With these settings, JanusGraph will use the standard tokenizer for property key string and the whitespace tokenizer for property key text.

For Lucene

The name of the analyzer must be set as parameter value or it defaults to KeywordAnalyzer for Mapping.STRING and to StandardAnalyzer for Mapping.TEXT.

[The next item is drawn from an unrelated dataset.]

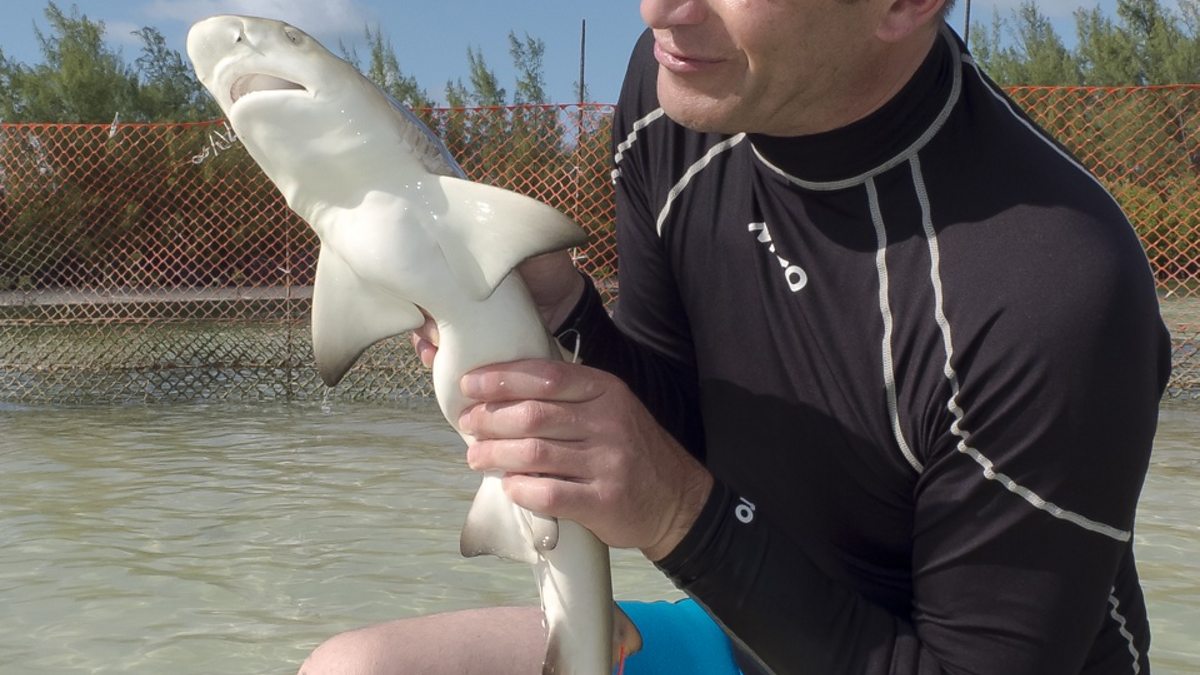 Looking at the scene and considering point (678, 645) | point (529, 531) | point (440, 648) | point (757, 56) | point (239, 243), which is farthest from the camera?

mgmt = graph.openManagement()
string = mgmt.makePropertyKey('string').dataType(String.class).make()
text = mgmt.makePropertyKey('text').dataType(String.class).make()
name = mgmt.makePropertyKey('name').dataType(String.class).make()
document = mgmt.makePropertyKey('document').dataType(String.class).make()
mgmt.buildIndex('string', Vertex.class).addKey(string, Mapping.STRING.asParameter(), Parameter.of(ParameterType.STRING_ANALYZER.getName(), org.apache.lucene.analysis.core.SimpleAnalyzer.class.getName())).buildMixedIndex("search")
mgmt.buildIndex('text', Vertex.class).addKey(text, Mapping.TEXT.asParameter(), Parameter.of(ParameterType.TEXT_ANALYZER.getName(), org.apache.lucene.analysis.en.EnglishAnalyzer.class.getName())).buildMixedIndex("search")
mgmt.buildIndex('name', Vertex.class).addKey(string, Mapping.STRING.asParameter()).buildMixedIndex("search")
mgmt.buildIndex('document', Vertex.class).addKey(text, Mapping.TEXT.asParameter()).buildMixedIndex("search")
mgmt.commit()

With these settings, JanusGraph will use a SimpleAnalyzer analyzer for property key string, an EnglishAnalyzer analyzer for property key text, a KeywordAnalyzer analyzer for property name and a StandardAnalyzer analyzer for property 'document'.

Custom parameters

Sometimes it is required to set additional parameters on mappings (other than mapping type, mapping name and analyzer). For example, when we would like to use a different similarity algorithm (to modify the scoring algorithm of full text search) or if we want to use a custom boosting on some fields in Elasticsearch we can set custom parameters (right now only Elasticsearch supports custom parameters). The name of the custom parameter must be set through ParameterType.customParameterName("yourProperty").

For Elasticsearch

mgmt = graph.openManagement()
myProperty = mgmt.makePropertyKey('my_property').dataType(String.class).make()
mgmt.buildIndex('custom_property_test', Vertex.class).addKey(myProperty, Mapping.TEXT.asParameter(), Parameter.of(ParameterType.customParameterName("boost"), 5), Parameter.of(ParameterType.customParameterName("similarity"), "boolean")).buildMixedIndex("search")
mgmt.commit()

With these settings, JanusGraph will use the boost 5 and boolean similarity algorithm for property key my_property. Possible mapping parameters depend on Elasticsearch version. See mapping parameters for current Elasticsearch version.